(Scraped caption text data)
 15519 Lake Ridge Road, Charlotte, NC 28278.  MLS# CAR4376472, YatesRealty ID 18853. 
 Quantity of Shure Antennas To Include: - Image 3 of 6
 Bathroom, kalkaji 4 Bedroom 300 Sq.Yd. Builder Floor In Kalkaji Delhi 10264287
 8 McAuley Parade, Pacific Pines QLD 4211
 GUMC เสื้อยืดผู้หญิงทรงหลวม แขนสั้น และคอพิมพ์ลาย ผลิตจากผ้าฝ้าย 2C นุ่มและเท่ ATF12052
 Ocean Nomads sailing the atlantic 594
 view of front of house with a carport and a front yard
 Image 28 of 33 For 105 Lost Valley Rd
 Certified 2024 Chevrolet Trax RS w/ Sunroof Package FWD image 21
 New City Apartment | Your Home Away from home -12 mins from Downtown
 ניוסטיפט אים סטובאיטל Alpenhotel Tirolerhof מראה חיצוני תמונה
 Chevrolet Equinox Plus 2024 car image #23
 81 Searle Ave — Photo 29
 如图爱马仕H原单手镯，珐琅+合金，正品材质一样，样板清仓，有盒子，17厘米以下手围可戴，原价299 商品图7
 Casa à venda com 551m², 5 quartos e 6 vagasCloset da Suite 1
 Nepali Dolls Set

Work request
Every line from the one containing "81 Searle Ave — Photo 29" through the last line of the entries above must be output exactly. Leave the rest out.

Exercise output
 81 Searle Ave — Photo 29
 如图爱马仕H原单手镯，珐琅+合金，正品材质一样，样板清仓，有盒子，17厘米以下手围可戴，原价299 商品图7
 Casa à venda com 551m², 5 quartos e 6 vagasCloset da Suite 1
 Nepali Dolls Set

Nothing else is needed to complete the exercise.